If you run Windows there is lots of software about for PSK31, there's also some Linux software with a reasonable GUI.

In use, you leave the radio tuned to 14.070Mhz and watch the waterfall display. When you see a signal you click between the lines and start reading. It seems like a very nice way to chat, particularly if you can touch type. (A lot of receive errors I noticed now seem to be bad typing in retrospect).

I note there's some interesting kits around for minimal, low power transceivers designed for PSK31 use specifically. It's interesting to consider that a little board like this, a roll of wire, antenna tuner and a laptop and you can chat half way around the world pretty easily.

Friday, October 05, 2007

HF QRP pleasure with an FT-817

I've just spent a few very pleasant days south of Sydney at Gerroa.

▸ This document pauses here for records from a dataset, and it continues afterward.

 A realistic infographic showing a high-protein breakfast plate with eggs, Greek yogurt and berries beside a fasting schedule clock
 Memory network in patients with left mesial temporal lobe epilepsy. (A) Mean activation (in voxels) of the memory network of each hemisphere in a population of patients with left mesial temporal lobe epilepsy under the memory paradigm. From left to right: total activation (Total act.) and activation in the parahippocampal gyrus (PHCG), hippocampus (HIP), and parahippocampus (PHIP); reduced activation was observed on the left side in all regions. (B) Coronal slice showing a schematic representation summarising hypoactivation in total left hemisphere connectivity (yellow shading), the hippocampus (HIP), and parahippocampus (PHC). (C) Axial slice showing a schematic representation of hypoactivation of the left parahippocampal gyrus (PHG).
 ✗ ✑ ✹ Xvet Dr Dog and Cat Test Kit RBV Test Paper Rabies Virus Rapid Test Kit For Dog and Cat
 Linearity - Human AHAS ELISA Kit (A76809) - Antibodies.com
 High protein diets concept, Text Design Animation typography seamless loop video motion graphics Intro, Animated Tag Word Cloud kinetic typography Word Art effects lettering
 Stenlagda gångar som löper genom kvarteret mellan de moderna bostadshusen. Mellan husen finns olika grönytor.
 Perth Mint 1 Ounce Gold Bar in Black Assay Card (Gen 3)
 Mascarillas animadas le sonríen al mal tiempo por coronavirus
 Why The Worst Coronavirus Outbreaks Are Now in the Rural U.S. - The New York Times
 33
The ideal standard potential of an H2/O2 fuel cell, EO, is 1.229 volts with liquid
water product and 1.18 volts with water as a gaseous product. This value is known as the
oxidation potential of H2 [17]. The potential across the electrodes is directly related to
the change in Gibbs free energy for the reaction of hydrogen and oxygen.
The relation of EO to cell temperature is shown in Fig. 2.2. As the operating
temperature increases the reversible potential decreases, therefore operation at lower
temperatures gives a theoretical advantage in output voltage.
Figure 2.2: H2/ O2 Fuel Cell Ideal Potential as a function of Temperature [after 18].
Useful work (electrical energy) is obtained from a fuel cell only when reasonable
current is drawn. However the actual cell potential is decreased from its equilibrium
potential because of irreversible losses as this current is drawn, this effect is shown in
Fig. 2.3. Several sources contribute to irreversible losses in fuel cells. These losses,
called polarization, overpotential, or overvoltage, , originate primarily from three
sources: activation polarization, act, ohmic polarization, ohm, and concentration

We hired a house on a hill looking out over the beach and I took a Yaesu FT-817 and a slightly modified MFJ random wire tuner along for fun (all I did was add banana sockets for attaching a wire to it).

I strung out about 20m of wire from the balcony to a piece of wood in the yard and it tuned up nicely on 80m, 40m, and 20m. Had a few contacts running just 2.5W (on the in-built rechargeable batteries).

80m is blotted with interference at home. At this location it was magnificently quiet until about 5:30pm when bad televisions get turned on. I really want to find a location with no noisy power lines or TV sets to disturb by HF listening.

Only a few contacts, mostly listening. Just before we packed up I tuned around on 2m and found a very active local community.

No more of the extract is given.